Order by Change Frequency

Place rarely-changing commands early (they cache), frequently-changing commands late:

# Rarely changes (cache hit)
FROM henrycgbaker/aime-pytorch:2.8.0-cuda12.4-ubuntu22.04
RUN apt-get update && apt-get install -y system-deps \
&& rm -rf /var/lib/apt/lists/*

# Sometimes changes
COPY requirements.txt .
RUN pip install --no-cache-dir -r requirements.txt

# Frequently changes (put last)
COPY src/ /workspace/src/

Reducing Image Size

Clean Up in Same Layer

Package manager caches only disappear if cleanup is in the same RUN layer:

# Bad: Cleanup in separate layer (doesn't reduce size)
RUN apt-get update && apt-get install -y build-essential
RUN rm -rf /var/lib/apt/lists/*

# Good: Clean in same layer
RUN apt-get update && apt-get install -y build-essential \
&& rm -rf /var/lib/apt/lists/*

Use --no-cache-dir

Pip caches downloaded wheels.

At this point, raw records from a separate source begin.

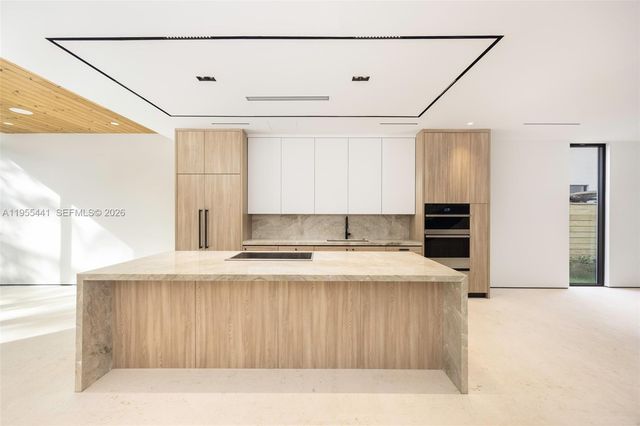 3144 Elizabeth St, Coconut Grove, FL 33133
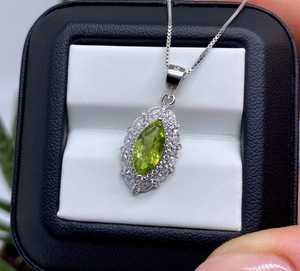 Colgante de Peridoto Natural en Plata de Ley 925 con Baño de Rodio, Joyería Fina Hecha a Mano, Piedra de Nacimiento de Agosto, Regalo para Mujer, Venta al por Mayor - Product Image 1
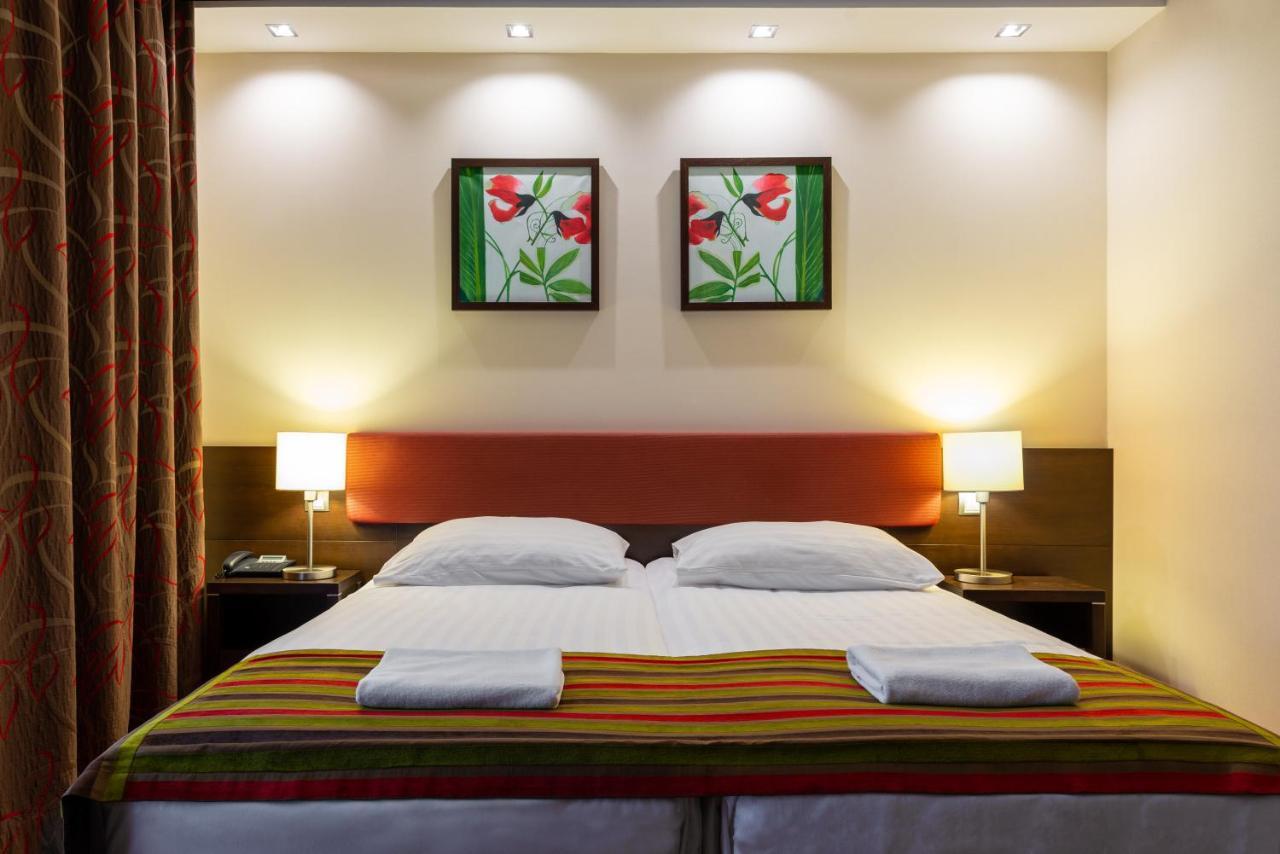 Hotel Pagony Wellness นีเรกฮาซา ภายนอก รูปภาพ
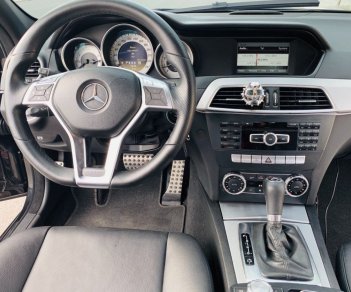 Mercedes-Benz C300 2011 - Bán Mercedes C300 sản xuất năm 2011, màu đen còn mới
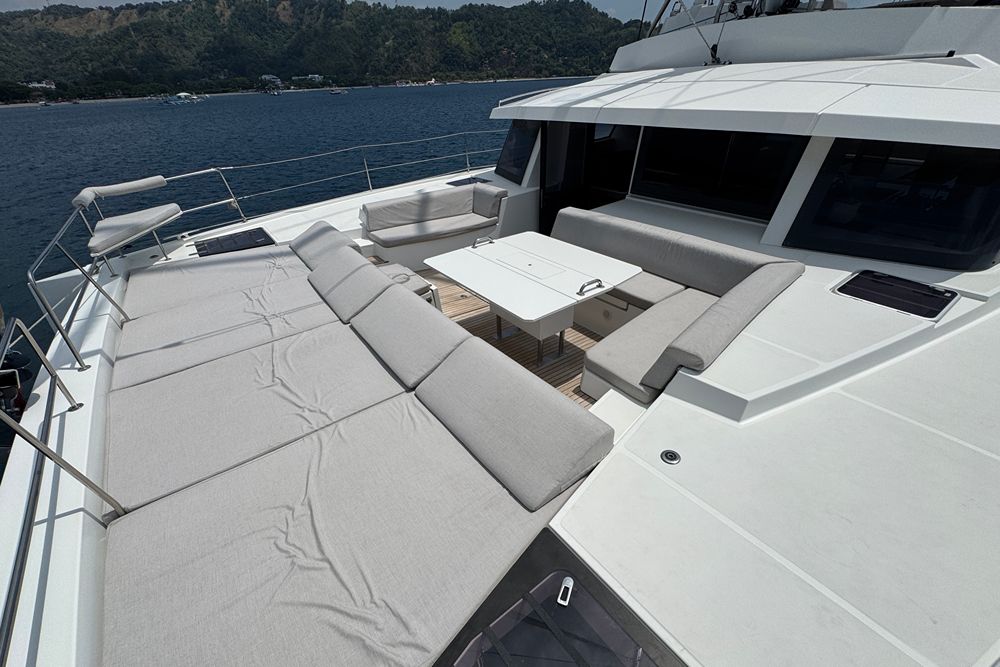Bali 5.4 Full Solid Spacious Front Deck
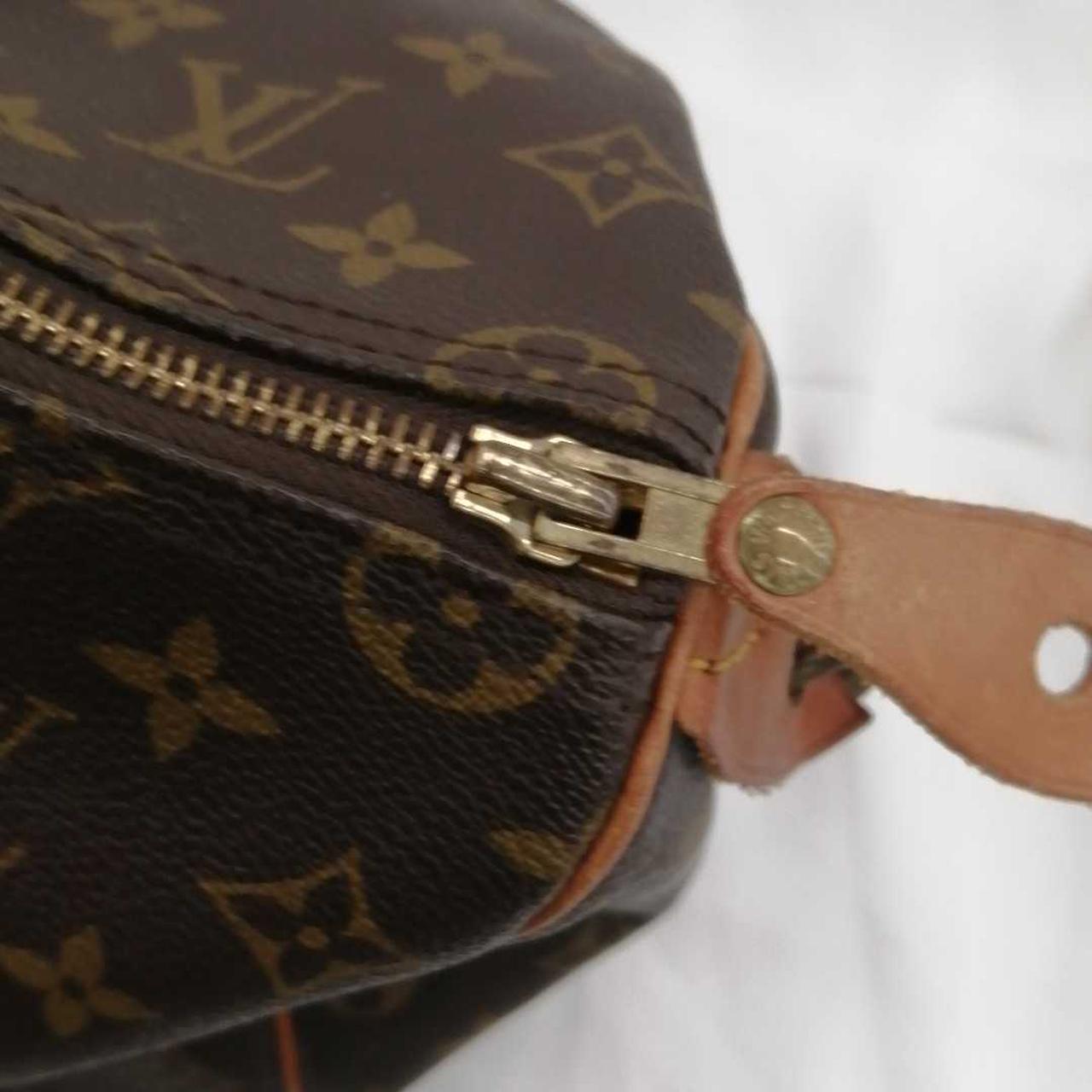 ジッパー劣化あり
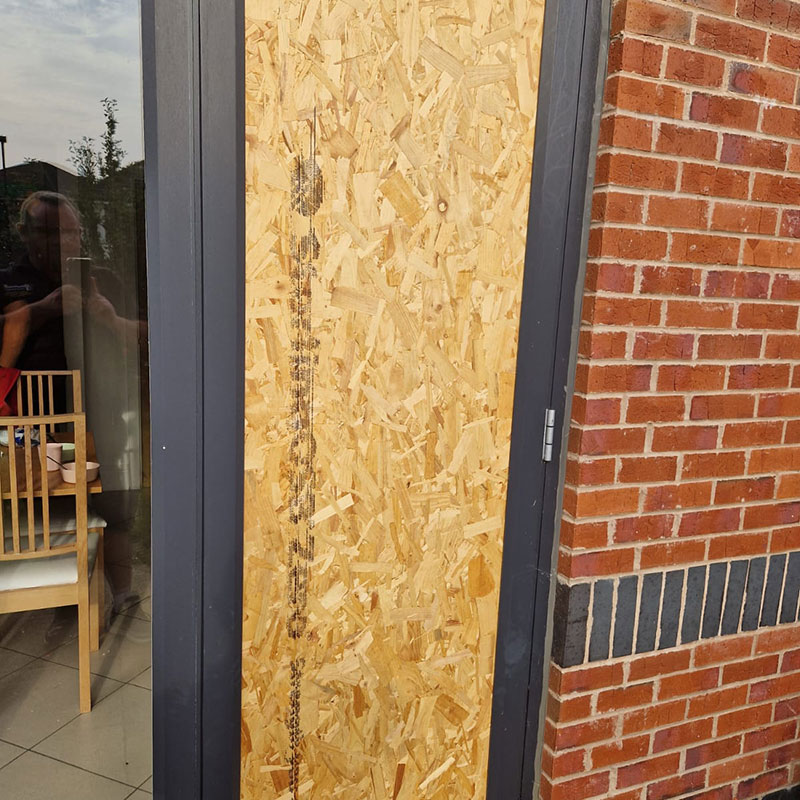 DoncasterLock's tweet image. Double glazing glass panel temporary boarding in #Doncaster while we make the new panel.
doncasterlocksmith.co.uk/doors/upvc-win…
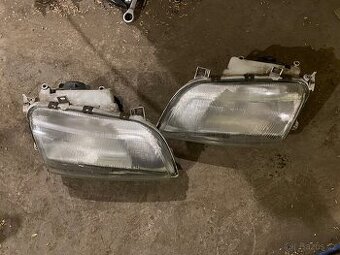 světla Seat Alhambra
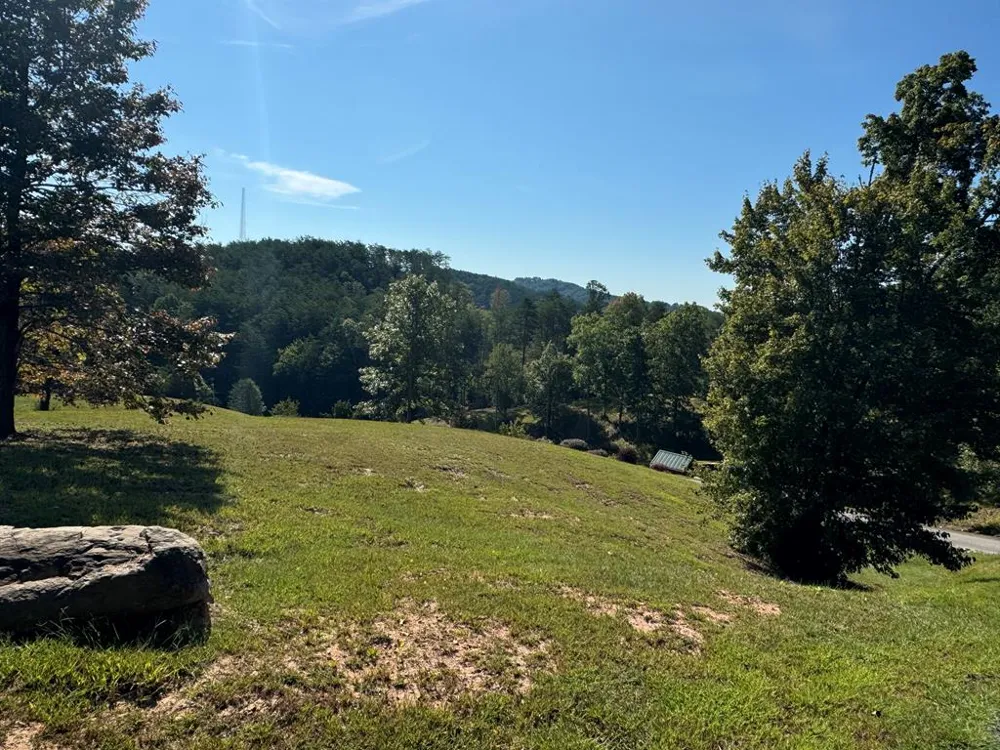 130 Golden Eagle Circle Turtletown, TN 37391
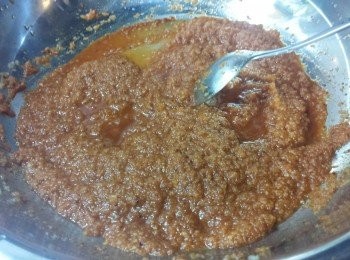 step3: 先將所有醬料拌勻後，再加入大豆芽中。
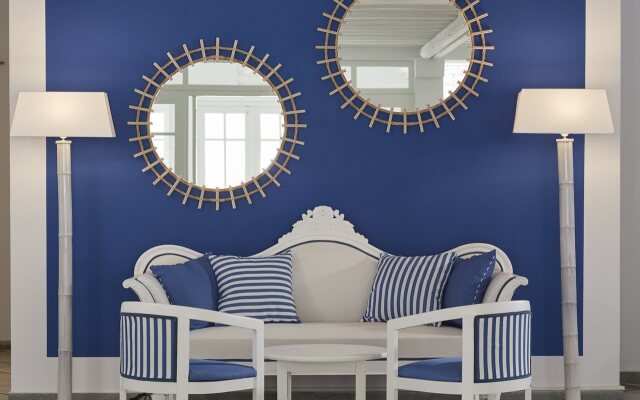 Mr & Mrs White Tinos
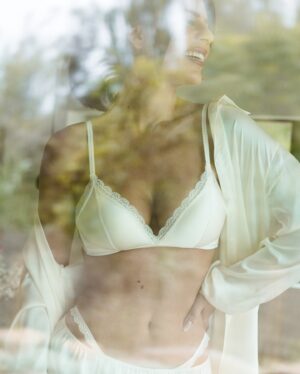 Olívia Ortiz Instagram - I’m living in a divine silk dream @intimissimiofficial 
#intimissimigirls #intimissimi #divinesilk #pub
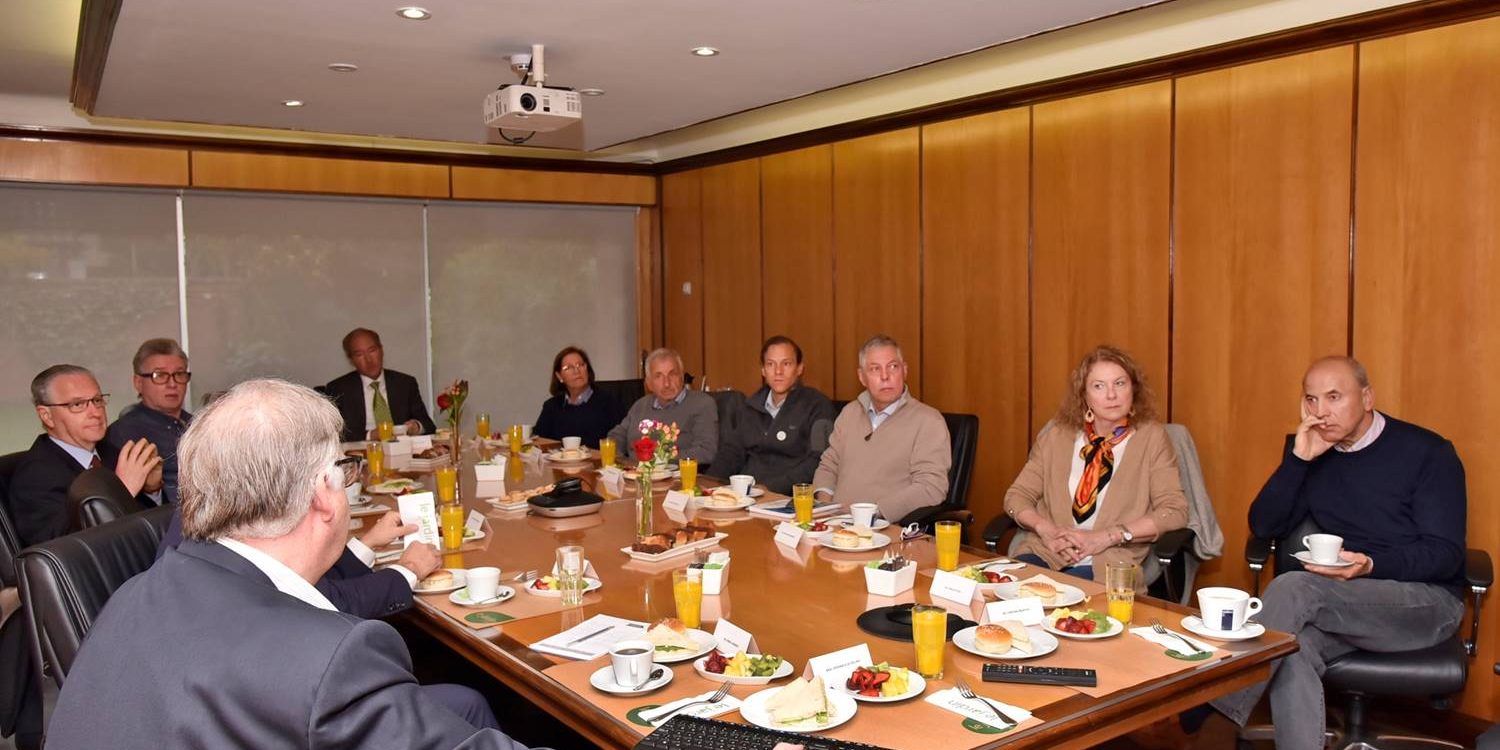17 Desayuno Socios 16 de octubre 2019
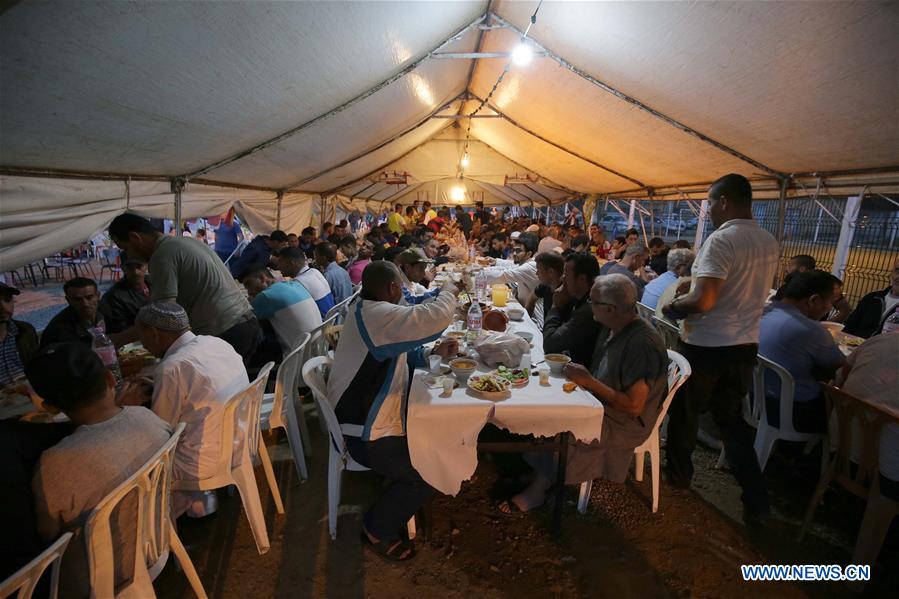 ALGERIA-ALGIERS-IFTAR-CHARITY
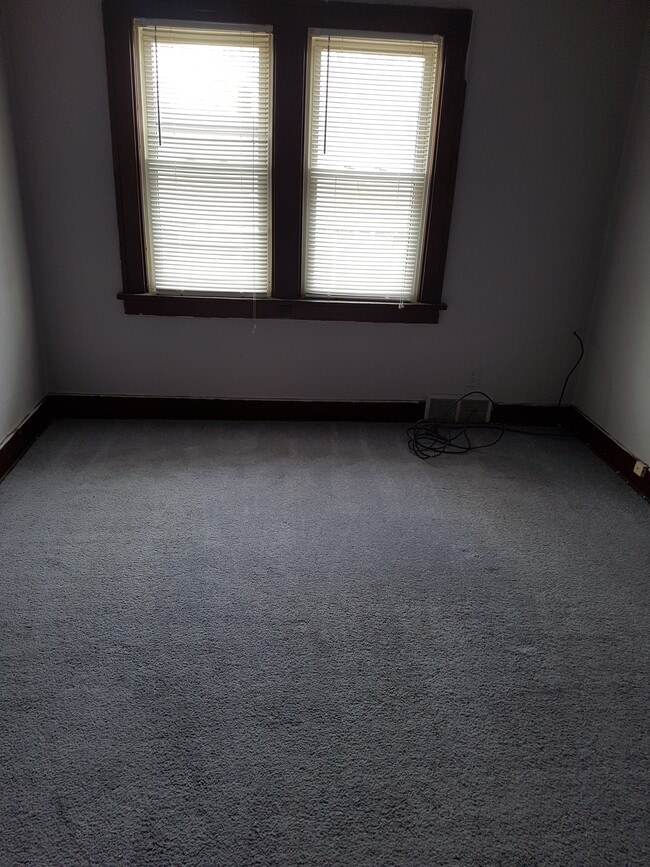 Building Photo - 510 S Middleboro Ave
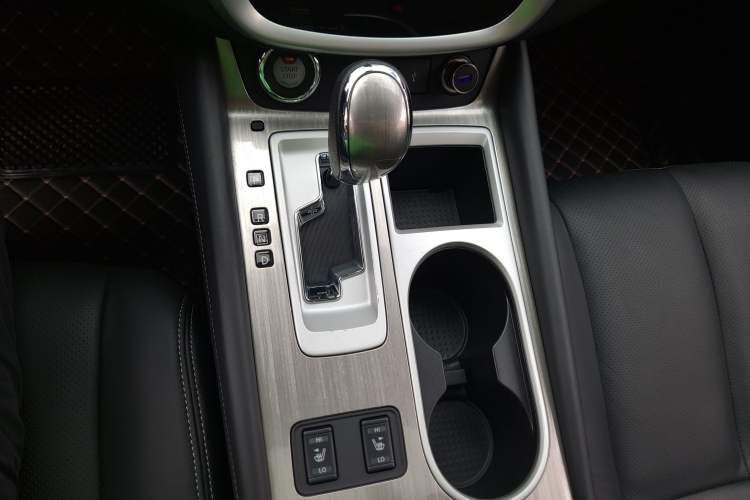 Used Nissan Murano 2021 2.5L XL Two-Wheel Drive Smart Connect Luxury Edition Gear Lever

Disabling this saves space in the image (packages are already installed):

RUN pip install --no-cache-dir transformers

Exclude Unnecessary Files with .dockerignore

Create .dockerignore in the same directory as your Dockerfile:

# Large files that don't belong in image
data/
models/
*.csv
*.pt
*.zip

# Development artifacts
__pycache__/
.git/
.pytest_cache/
*.pyc

Multi-Stage Builds

For packages requiring compilation, use multi-stage builds to keep final image small:

# Build stage: Compile packages
FROM python:3.10 AS builder
RUN pip wheel --no-deps --wheel-dir /wheels some-compiled-package

# Final stage: Use pre-built wheels
FROM henrycgbaker/aime-pytorch:2.8.0-cuda12.4-ubuntu22.04
COPY --from=builder /wheels /wheels
RUN pip install --no-cache /wheels/*

Benefit: Final image only contains compiled wheels, not build tools.


Caching & Performance

Requirements File Strategy

# Copy requirements first (caches if unchanged)
COPY requirements.txt .
RUN pip install --no-cache-dir -r requirements.txt

# Then copy code (changes often, doesn't invalidate pip cache)
COPY src/ /workspace/src/

This way, if only your code changes, Docker reuses the pip-install layer from cache.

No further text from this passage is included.